Em dia - Vieira total

Angélica Fontella

  • Fólio da História do Futuro, anexo ao processo inquisitorial de 1664. (Imagem: Divulgação)O filho de Cristóvão Vieira Ravasco e Maria de Azevedo chegou ainda menino ao Brasil, em 1614. Depois de apenas seis anos de vida passados em Lisboa (Portugal), Antônio Vieira (1608-1697) aportava na colônia para desenvolver suas vocações, trilhando um longo caminho rumo à notoriedade na oratória e na retórica. Quatro séculos depois – mais precisamente desde o dia 3 de dezembro de 2014 – todos os textos de um dos pilares da língua portuguesa moderna estão enfim compilados na íntegra e à disposição do público. 
     
    Para a conclusão dos 30 volumes da Obra Completa de Vieira, promovida pela Universidade de Lisboa, foram necessários aproximadamente 24 meses, 50 pesquisadores e um trabalho articulado entre universidades brasileiras e portuguesas.
     
    “Vieira é o que chamam de polígrafo no século XVII, pois escreveu em diversos gêneros. Pareceres, papéis diplomáticos, consultas eclesiásticas. E tudo foi revisto”, conta Adma Fadul Muhana, coordenadora do terceiro volume da parte profética da obra: Apologia das coisas profetizadas.

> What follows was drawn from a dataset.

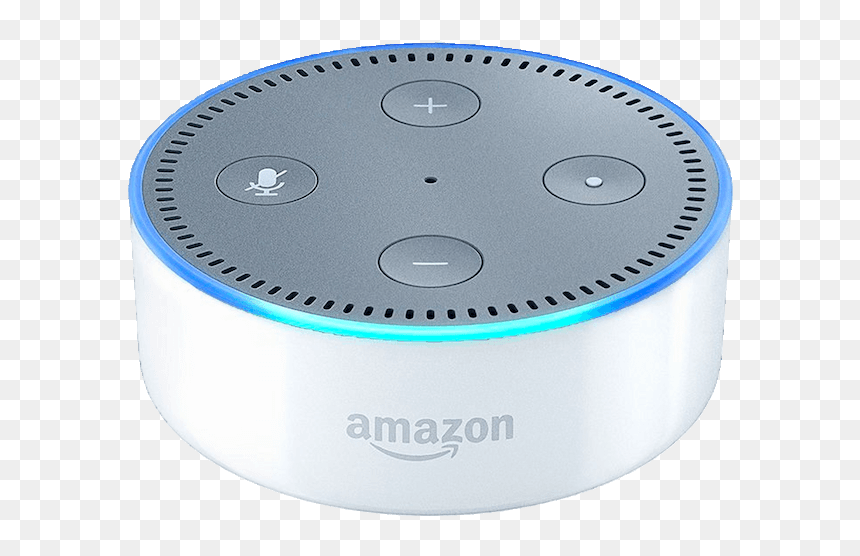 Amazon Echo Dot 2nd Generation, HD Png Download - amazon echo dot png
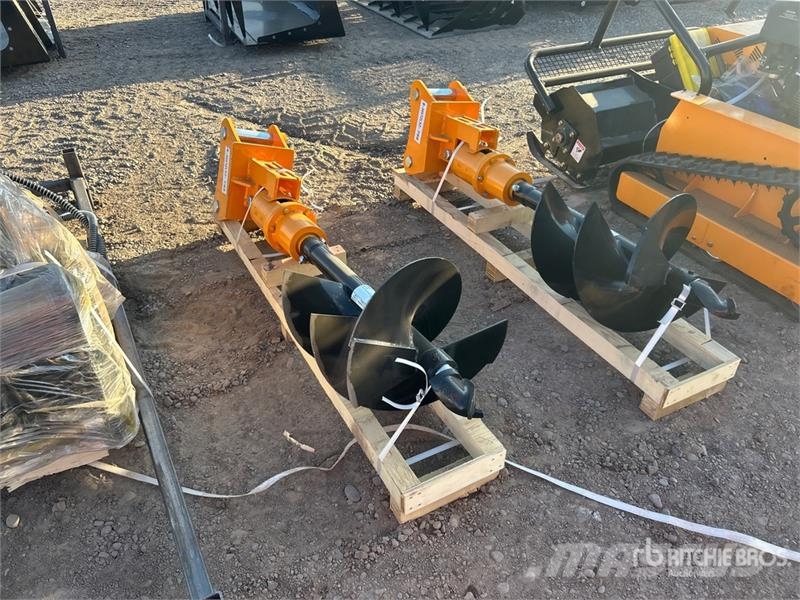 GIYI 33 in Excavator Auger - Fits Cat 305 (Unused) 鑽頭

A professora de literatura portuguesa da USP, que em 1994 já tinha lançado uma publicação sobre o assunto, e com o mesmo título, explica como foi voltar ao tema duas décadas depois: “Algumas coisas mudaram, então foi interessante retornar ao texto, introduzir outros dados, outros estudos... O texto pode até se manter, mas algumas interpretações se modificaram e isso pôde ser incorporado”.
     

    Conjunto publicado pela editora Círculo de Leitores, que lançou 10 mil exemplares por volume. (Imagem: Divulgação)

    Não é a primeira vez que se fala em “obra completa de Vieira”. Segundo Adma Muhana, desde a década de 1990 há esforços nessa direção. “Em vez de apostarmos numa pequena equipa, como aconteceu com os projetos anteriores, decidimos reunir mais de meia centena de investigadores e especialistas em estudos vieirinos e áreas afins, que aceitaram o desafio de trabalhar em conjunto”, orgulha-se José Eduardo Franco, diretor do Centro de Literaturas e Culturas Lusófonas e Europeias da Universidade de Lisboa e autor do projeto. Talvez inspirado pela rica retórica do pároco, Franco se esmera em descrever sua tortuosa missão: “Tivemos que enfrentar a Hidra da maledicência, o Minotauro das precedências e antecedências acadêmicas, a inércia dos bois de Gerião, o Leão dos (in)cumprimentos dos prazos, o cão dos que não tendo feito obra nem querendo que seja feita, tentaram que ela se não fizesse”.
     
    Nas quase 15 mil páginas, fica reforçada a impressão de que Vieira esteve presente em todos os mais importantes acontecimentos de sua época. Seu monumento escrito é o legado que traduz todo um século. E em bom português. 
     
    O próximo passo é o “Dicionário de Vieira”. Elaborado pela mesma equipe, está previsto para 2016. Alguma dúvida de que ele merece?